(Short descriptive text snippets)

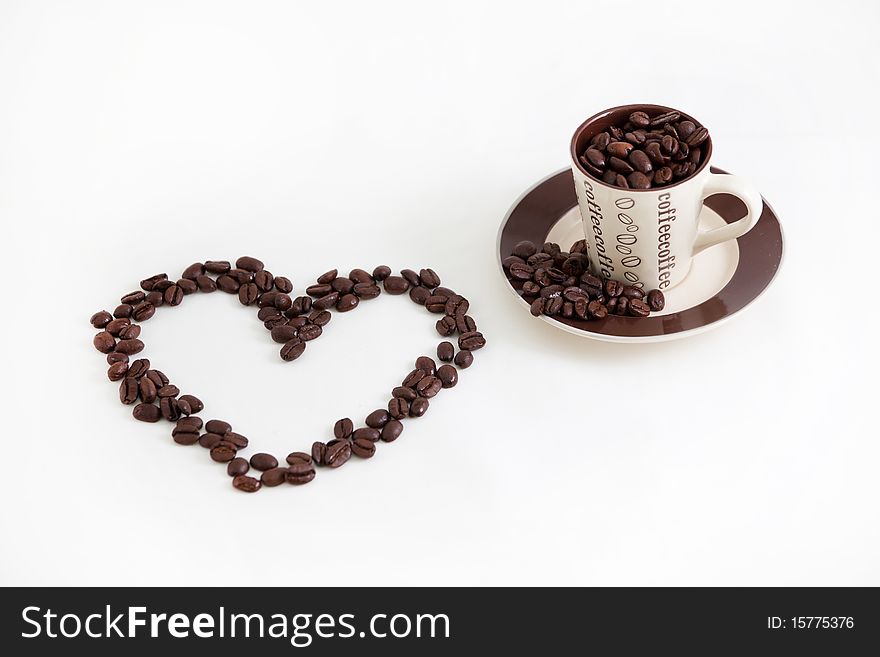 A heart filled cup of coffee with the beans shaped into a heart.  We all love coffee. A heart filled cup of coffee with the beans shaped into a heart.  We all love coffee.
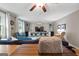 Bright living room with hardwood floors, ceiling fan, built-in shelving, and comfortable seating at 1226 Pine Knoll, Conyers, GA 30013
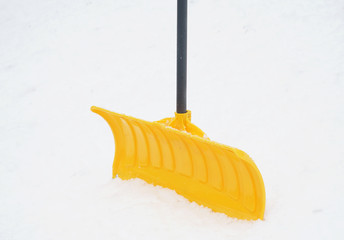 close up on snow shovel in the snow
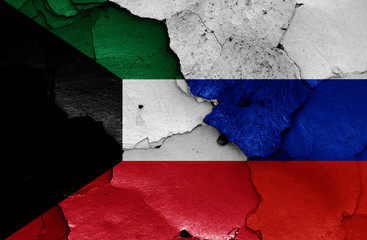 flags of Kuwait and Russia painted on cracked wall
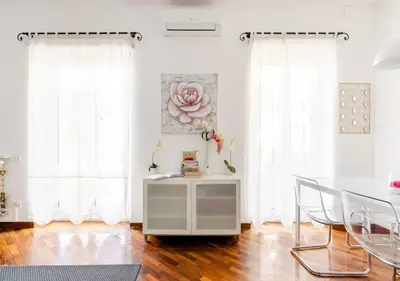 a dining room with white curtains and a table and chairs at Romely House St Peter Apartment in Rome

◆ Work instructions
Return the entries above exactly, skipping any images.

◆ Answer section
 A heart filled cup of coffee with the beans shaped into a heart.  We all love coffee. A heart filled cup of coffee with the beans shaped into a heart.  We all love coffee.
 Bright living room with hardwood floors, ceiling fan, built-in shelving, and comfortable seating at 1226 Pine Knoll, Conyers, GA 30013
 close up on snow shovel in the snow
 flags of Kuwait and Russia painted on cracked wall
 a dining room with white curtains and a table and chairs at Romely House St Peter Apartment in Rome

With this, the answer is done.